Basically you are solving for Q and then your answer revolves around what answer you get for Q.

5. Australopithecus

6. vera_ewing

I got 4.3 x 10^-2, though...

7. Rushwr

$N _{2}O _{4} => 2NO _{2}$

8. Rushwr

So first write and equation for Kc.

9. Australopithecus

http://www.800mainstreet.com/7/0007-007-Equi_exp_k.html see this and see the section: "What does an equilibrium constant tell"

10. vera_ewing

Okay, and then what?

11. sweetburger

Well the Kc given here states that the reactants are far more favored as it is far less than 1.

12. Rushwr

$K _{c} =\frac{ [NO _{2}]^{2} }{ [N _{2} O _{4}]}$

13. vera_ewing

Yeah don't you get 4.3 x 10^-2 when you do it that way?

14. Rushwr

since they have given us some concentrations calculate Kc for the given concentrations!

15. Australopithecus

4.3 x 10^-2 does not equal Kc therefore you can conclude that the reaction is not at equilibrium

16. Rushwr

I get 4.5 x 10^-2

17. vera_ewing

How?

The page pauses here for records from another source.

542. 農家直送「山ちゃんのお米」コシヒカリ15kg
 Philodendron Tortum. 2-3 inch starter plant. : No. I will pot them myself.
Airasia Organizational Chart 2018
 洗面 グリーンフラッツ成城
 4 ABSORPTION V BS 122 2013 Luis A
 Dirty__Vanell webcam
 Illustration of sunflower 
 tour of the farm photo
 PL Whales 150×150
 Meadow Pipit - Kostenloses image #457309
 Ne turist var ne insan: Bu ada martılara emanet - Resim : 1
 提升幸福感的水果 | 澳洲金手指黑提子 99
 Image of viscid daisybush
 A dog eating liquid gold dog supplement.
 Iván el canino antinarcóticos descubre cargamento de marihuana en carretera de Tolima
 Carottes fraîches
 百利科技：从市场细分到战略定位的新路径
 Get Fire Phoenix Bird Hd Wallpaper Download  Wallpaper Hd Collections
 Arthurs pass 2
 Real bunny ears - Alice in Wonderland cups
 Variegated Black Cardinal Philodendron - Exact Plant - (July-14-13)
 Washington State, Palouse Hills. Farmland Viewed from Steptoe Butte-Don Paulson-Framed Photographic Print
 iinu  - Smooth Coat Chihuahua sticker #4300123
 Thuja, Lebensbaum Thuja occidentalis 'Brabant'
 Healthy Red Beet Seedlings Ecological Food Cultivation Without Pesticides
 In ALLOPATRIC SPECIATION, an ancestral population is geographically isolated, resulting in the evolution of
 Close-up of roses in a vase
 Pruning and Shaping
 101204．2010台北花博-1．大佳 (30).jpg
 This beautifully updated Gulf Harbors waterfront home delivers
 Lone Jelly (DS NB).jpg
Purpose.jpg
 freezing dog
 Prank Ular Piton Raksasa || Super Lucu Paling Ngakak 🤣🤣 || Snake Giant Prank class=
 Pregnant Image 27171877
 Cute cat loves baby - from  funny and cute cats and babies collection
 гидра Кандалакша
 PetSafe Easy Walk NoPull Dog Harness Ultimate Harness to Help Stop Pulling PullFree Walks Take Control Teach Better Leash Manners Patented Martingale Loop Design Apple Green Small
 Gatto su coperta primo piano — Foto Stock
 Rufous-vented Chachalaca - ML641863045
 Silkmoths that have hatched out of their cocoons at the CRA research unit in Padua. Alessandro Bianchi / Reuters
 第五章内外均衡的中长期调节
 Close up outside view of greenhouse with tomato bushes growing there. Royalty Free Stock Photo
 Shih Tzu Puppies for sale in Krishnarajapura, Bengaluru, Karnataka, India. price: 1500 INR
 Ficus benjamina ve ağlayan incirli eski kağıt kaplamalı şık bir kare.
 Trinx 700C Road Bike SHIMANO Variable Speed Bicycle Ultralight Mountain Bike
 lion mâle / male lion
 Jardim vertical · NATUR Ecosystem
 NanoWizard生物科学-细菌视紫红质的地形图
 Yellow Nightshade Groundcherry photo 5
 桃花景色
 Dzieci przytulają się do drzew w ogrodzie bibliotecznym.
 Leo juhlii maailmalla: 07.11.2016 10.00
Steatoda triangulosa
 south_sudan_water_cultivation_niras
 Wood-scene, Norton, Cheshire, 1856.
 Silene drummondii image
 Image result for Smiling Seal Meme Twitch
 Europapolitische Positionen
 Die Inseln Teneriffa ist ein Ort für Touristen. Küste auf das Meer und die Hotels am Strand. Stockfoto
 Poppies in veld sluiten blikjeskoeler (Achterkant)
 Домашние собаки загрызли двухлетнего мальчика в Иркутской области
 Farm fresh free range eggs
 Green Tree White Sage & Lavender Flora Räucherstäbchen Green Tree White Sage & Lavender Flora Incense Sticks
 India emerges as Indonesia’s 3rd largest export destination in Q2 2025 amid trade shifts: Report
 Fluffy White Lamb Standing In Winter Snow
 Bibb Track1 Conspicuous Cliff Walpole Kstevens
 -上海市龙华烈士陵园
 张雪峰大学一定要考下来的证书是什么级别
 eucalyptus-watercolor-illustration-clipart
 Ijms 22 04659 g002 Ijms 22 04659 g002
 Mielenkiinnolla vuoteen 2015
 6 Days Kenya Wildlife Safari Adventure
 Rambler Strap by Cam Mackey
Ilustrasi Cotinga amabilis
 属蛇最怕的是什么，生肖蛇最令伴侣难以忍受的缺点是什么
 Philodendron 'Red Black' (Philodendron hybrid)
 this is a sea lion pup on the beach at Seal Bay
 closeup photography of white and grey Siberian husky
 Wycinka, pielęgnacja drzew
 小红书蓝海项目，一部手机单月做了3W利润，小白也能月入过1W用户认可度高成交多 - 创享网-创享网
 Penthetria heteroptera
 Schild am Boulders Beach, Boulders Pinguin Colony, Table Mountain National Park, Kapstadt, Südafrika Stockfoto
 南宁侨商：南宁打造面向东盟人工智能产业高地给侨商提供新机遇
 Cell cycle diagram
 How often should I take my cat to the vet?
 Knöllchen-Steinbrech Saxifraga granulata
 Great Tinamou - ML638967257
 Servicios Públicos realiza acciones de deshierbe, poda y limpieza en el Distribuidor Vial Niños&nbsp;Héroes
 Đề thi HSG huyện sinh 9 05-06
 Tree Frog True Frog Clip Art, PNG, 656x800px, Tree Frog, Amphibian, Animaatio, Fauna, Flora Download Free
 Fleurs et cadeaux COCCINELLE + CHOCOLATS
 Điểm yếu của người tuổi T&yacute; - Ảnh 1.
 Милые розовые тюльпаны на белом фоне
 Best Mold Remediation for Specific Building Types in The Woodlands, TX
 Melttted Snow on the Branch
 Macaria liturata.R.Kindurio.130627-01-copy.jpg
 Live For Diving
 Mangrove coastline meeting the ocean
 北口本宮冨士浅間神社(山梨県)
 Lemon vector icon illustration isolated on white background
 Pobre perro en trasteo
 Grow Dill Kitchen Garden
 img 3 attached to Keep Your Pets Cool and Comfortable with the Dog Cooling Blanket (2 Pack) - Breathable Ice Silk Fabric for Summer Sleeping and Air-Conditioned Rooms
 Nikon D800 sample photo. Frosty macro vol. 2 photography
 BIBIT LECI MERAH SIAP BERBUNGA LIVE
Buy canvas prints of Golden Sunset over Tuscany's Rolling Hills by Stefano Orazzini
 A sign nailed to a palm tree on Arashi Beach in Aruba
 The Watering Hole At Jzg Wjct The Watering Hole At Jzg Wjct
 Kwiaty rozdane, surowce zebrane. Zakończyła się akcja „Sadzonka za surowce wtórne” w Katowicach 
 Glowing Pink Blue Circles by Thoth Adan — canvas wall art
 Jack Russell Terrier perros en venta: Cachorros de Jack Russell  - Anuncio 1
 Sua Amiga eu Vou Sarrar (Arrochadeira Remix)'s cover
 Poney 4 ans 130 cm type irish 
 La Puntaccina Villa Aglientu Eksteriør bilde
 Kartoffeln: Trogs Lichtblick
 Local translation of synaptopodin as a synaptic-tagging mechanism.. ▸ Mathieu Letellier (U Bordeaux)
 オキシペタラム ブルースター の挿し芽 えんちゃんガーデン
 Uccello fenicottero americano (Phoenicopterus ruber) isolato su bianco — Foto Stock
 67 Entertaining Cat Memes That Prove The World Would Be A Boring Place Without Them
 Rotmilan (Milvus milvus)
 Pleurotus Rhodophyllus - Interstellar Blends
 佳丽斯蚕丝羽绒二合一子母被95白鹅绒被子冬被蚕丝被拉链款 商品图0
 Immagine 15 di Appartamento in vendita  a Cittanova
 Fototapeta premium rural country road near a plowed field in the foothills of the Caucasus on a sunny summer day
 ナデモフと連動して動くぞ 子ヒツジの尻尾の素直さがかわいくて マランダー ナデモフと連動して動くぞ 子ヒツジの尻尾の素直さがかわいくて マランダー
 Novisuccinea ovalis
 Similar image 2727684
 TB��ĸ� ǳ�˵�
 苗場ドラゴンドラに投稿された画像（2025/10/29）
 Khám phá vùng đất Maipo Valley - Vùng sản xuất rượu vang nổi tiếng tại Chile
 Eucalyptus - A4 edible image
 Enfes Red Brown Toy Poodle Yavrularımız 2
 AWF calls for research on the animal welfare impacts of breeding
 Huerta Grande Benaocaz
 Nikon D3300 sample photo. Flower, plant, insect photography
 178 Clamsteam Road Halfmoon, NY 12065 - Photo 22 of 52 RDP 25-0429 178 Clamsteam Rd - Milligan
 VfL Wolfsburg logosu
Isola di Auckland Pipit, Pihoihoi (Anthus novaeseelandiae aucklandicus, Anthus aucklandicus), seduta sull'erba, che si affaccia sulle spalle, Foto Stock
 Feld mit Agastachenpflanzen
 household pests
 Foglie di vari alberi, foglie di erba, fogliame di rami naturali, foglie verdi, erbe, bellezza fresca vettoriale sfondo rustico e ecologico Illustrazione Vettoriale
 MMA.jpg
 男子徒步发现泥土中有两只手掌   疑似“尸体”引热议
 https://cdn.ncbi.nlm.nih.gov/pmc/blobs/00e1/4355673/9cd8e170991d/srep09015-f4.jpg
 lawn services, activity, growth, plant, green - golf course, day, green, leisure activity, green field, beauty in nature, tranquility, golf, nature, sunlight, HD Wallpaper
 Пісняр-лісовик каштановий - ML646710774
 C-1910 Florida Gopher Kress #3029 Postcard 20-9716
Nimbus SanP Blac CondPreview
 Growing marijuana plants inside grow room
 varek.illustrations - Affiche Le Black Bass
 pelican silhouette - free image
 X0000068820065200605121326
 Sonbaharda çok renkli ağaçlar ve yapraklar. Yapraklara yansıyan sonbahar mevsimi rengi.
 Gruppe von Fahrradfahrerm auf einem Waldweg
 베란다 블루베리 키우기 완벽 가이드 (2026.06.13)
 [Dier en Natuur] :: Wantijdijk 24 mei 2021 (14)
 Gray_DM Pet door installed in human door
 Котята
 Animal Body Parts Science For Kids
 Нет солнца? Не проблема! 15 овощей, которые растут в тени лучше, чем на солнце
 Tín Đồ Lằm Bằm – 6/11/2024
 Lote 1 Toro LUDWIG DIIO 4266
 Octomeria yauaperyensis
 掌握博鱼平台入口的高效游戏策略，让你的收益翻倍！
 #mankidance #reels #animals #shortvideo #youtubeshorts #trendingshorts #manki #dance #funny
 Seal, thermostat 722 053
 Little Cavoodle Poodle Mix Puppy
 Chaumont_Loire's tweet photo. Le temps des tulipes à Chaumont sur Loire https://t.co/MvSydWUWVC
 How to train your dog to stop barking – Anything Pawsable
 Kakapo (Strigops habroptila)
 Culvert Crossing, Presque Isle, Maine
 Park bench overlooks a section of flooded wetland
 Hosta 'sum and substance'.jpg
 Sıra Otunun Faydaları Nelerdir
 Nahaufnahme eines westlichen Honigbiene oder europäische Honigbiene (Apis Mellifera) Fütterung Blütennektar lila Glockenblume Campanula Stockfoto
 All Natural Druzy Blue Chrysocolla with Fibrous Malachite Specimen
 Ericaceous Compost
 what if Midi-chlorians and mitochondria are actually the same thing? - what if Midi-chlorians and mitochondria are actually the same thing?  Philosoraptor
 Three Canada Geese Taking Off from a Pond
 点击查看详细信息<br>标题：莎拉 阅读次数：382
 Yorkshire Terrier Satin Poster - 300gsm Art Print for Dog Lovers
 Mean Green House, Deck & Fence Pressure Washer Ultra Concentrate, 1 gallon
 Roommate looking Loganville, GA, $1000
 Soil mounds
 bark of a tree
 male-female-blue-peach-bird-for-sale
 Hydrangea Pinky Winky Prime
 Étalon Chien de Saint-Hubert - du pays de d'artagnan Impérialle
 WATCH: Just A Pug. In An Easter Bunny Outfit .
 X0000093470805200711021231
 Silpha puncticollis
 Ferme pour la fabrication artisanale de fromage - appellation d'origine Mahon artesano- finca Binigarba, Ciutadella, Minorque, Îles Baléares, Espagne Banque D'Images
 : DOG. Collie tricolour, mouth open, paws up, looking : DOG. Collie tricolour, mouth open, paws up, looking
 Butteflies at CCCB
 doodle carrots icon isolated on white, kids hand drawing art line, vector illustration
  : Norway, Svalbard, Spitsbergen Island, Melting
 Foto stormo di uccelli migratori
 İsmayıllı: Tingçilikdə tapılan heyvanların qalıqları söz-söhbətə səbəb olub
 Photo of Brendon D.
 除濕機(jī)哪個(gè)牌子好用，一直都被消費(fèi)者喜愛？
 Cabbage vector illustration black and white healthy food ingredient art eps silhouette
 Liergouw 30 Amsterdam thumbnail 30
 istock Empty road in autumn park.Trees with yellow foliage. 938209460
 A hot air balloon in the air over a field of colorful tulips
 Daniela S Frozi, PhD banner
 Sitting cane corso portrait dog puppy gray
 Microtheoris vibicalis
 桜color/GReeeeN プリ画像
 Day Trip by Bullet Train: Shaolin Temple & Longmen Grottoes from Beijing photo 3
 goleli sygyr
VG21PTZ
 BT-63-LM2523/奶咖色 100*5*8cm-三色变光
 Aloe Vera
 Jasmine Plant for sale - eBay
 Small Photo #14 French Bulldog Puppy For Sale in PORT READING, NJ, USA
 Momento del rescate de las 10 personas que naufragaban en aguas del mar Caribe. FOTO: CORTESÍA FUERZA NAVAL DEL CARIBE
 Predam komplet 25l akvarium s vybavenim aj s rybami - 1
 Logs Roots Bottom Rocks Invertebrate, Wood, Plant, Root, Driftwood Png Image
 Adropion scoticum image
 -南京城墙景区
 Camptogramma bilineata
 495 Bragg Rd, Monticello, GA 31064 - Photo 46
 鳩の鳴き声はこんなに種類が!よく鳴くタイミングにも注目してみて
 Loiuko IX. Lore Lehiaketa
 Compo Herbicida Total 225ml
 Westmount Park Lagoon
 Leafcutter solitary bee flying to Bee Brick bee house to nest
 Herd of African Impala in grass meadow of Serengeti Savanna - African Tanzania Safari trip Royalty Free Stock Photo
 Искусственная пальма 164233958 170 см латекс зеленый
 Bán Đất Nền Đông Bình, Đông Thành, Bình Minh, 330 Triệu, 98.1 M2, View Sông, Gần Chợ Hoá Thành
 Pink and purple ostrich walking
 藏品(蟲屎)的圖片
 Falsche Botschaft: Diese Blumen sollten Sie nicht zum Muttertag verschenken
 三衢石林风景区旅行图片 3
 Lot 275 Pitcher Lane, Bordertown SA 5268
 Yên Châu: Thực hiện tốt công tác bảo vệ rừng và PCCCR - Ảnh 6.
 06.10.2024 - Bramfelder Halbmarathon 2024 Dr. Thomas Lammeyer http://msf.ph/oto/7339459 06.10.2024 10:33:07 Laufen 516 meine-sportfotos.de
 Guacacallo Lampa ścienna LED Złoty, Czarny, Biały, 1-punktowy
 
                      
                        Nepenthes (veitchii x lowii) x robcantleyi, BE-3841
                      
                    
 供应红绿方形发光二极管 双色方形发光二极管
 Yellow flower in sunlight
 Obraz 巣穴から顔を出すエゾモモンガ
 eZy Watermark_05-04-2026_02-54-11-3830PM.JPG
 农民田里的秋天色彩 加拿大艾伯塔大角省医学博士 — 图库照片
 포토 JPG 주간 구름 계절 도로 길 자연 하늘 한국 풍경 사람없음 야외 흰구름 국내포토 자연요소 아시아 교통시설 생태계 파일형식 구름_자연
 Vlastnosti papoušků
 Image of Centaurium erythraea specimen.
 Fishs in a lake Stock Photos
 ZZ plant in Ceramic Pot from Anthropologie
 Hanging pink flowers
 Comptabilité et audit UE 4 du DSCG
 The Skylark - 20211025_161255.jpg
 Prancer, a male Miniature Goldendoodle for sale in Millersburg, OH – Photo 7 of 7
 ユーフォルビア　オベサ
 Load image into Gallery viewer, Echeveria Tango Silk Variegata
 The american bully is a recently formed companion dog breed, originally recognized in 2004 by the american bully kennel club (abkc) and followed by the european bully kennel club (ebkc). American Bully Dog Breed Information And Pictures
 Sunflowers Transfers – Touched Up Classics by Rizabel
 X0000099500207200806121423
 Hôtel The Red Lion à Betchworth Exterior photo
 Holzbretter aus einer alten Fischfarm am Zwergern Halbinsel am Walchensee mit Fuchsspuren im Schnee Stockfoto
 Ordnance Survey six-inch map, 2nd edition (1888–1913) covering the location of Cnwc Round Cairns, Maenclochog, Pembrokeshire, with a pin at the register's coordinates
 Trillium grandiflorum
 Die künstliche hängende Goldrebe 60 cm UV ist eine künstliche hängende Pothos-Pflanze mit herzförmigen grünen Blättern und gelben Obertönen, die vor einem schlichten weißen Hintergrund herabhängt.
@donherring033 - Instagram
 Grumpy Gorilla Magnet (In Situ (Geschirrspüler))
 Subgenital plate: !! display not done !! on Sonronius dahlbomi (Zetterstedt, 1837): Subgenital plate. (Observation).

Can you show me your work?

18. sweetburger

Alright lets just set it up what it would look like to solve for Q in this situation. [.15]^2/[.5]= .045 which is 4.5x10^-2 is what i got

19. vera_ewing

Ohhh I see. I messed up.

20. vera_ewing

Thanks so much.

21. sweetburger

which is in fact larger than the given Kc so what would have to happen to reach equilibrium?

22. Australopithecus

Check out that page I linked

23. Rushwr

$Kc = 0.15^{2}/ 0.5$

24. Rushwr

So it's gonna be D !

25. Australopithecus

and the image I posted

26. sweetburger

yes I agree it should be D.